No todas las vocaciones culinarias vienen de cuna ni tienen detrás una historia feliz. La de Carlos Julián de hecho comienza con una tragedia personal. Hasta los 18 años, su vida transcurría entre entrenamientos y competiciones. Como atleta velocista, se alzó tres veces como campeón de España en su categoría. Pero su brillante y prometedora trayectoria deportiva se truncó por culpa de una grave lesión de rodilla. Fue entonces cuando, sumido como estaba en una lógica depresión, encontró una nueva pasión en la gastronomía. Aplicó a los fogones la perseverancia, la ambición y las ansias de superación propias de los deportistas de élite. Y le fue bien. Hoy camina imparable con la mirada puesta -no lo niega- en la Guía Michelin.
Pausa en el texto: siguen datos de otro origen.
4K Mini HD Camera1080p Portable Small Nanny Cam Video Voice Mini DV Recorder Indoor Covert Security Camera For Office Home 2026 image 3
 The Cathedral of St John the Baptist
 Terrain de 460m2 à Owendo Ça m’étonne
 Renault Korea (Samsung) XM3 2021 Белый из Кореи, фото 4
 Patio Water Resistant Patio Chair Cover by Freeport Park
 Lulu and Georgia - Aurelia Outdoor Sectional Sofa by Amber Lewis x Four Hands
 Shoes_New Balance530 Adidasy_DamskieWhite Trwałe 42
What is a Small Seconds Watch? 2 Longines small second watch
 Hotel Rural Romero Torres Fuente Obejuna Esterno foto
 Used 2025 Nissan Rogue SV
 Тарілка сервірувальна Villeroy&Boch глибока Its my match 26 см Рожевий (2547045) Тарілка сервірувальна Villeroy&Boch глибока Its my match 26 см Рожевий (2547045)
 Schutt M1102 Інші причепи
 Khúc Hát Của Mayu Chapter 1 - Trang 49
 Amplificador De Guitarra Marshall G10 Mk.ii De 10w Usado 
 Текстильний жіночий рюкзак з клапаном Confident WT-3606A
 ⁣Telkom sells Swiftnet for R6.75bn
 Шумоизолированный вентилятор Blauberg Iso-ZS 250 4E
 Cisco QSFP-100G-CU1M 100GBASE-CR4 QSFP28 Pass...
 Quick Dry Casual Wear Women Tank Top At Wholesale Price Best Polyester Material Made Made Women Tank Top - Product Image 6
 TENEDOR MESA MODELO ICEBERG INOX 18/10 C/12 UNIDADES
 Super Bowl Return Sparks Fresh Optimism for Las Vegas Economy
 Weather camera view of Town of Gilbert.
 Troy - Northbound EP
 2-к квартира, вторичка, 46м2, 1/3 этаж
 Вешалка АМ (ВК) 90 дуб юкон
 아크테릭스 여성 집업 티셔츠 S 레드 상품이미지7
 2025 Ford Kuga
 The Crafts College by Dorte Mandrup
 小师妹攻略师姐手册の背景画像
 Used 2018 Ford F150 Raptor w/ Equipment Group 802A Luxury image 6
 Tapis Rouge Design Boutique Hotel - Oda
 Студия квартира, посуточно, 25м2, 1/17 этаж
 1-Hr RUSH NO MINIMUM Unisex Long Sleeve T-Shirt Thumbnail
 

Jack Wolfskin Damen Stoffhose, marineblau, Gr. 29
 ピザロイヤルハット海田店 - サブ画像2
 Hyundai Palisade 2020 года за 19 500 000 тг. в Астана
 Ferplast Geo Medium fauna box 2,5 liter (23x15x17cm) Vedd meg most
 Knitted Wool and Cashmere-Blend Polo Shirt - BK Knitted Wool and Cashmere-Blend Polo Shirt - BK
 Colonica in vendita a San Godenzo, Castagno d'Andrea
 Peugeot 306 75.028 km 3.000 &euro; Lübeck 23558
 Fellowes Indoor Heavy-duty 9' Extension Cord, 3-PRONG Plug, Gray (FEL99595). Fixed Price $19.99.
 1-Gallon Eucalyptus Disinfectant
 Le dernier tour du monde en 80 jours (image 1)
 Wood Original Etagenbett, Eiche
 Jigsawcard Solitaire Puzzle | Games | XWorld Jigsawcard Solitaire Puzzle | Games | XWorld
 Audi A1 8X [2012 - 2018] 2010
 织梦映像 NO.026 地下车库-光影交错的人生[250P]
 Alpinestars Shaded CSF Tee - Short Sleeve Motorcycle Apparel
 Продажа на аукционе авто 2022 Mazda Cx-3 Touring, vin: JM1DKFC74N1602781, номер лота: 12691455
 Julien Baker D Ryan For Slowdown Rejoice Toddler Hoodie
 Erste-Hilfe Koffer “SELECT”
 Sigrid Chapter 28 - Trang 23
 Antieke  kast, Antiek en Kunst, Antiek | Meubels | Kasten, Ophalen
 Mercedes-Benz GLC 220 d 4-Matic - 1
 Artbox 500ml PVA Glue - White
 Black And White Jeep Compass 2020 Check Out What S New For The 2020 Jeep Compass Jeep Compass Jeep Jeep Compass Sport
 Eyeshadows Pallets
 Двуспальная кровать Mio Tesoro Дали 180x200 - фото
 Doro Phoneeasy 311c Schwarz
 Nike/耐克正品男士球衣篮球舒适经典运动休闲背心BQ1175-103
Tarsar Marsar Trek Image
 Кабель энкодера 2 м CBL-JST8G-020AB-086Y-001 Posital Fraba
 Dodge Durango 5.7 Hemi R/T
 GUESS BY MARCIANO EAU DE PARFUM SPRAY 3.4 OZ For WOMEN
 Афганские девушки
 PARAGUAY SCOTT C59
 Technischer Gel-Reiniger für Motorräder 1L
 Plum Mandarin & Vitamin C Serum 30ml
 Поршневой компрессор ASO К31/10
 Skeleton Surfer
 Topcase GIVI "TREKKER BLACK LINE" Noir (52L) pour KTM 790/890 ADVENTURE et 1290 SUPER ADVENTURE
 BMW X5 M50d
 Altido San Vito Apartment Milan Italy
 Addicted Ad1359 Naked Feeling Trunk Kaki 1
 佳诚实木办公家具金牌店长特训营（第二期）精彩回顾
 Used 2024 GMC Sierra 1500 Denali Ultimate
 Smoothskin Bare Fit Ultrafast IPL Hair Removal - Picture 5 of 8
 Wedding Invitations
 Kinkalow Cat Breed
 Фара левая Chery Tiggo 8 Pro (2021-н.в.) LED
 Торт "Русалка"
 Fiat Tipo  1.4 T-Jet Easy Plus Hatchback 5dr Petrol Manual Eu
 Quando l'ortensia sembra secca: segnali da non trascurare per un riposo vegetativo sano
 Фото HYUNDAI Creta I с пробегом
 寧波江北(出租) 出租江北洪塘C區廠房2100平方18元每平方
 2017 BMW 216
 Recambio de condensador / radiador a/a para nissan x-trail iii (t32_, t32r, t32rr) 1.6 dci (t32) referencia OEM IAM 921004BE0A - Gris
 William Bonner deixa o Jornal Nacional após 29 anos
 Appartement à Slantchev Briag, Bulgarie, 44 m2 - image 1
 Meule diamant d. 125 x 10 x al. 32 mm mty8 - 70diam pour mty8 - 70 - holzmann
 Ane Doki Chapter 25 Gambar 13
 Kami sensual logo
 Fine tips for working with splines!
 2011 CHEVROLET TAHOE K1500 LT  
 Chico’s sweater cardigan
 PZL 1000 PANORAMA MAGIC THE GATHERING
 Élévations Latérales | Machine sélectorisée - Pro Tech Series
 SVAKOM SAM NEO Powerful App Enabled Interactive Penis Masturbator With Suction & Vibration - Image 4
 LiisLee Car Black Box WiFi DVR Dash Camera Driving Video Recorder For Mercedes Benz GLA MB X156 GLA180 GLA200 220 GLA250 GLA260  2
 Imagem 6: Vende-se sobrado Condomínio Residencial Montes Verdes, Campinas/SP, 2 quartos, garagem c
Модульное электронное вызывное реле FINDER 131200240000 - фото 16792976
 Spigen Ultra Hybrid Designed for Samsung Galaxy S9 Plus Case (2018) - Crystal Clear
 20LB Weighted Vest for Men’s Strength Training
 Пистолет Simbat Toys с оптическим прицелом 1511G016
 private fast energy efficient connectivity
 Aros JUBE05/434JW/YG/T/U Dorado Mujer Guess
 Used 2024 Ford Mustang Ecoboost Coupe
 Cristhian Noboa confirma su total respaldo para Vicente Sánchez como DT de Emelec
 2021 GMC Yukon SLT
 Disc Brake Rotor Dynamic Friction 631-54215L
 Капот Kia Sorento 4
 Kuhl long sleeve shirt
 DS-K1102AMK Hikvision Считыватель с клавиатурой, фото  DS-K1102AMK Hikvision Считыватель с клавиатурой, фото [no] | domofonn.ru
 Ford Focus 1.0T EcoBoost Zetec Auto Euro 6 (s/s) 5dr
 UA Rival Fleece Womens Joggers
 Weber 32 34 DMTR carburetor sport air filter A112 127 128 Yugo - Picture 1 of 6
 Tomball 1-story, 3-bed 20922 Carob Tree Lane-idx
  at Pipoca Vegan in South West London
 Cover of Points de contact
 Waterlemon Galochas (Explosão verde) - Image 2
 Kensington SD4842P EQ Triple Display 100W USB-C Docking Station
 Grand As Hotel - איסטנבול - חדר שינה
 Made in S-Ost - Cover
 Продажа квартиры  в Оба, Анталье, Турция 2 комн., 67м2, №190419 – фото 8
Aplicó a los fogones la perseverancia, la ambición y las ansias de superación propias de los deportistas de élite
Empezó desde abajo –“de grasas”, como él mismo dice-, afianzando su experiencia en una larga lista de arrocerías y restaurantes -entre ellos el primer Poblet, cuando Quique Dacosta todavía era un “joven con pelo largo”-. Llegó como jefe de cocina a Las Lunas, un restaurante de barrio en la calle Císcar, y de ahí a Madrid Fusión, donde consiguió quedar finalista en el año 2016 gracias a un invento bien arriesgado: un buñuelo de osobuco con gorgonzola con espuma de ajo negro y el jugo del osobuco, coronado con una esferificación de tomate con cilantro. Pocos meses después llegó su oportunidad de pasar de los menús de mediodía con toque de autor a los juegos gastronómicos de verdad, que tienen que vienen avalados de recursos económicos y voluntad empresarial.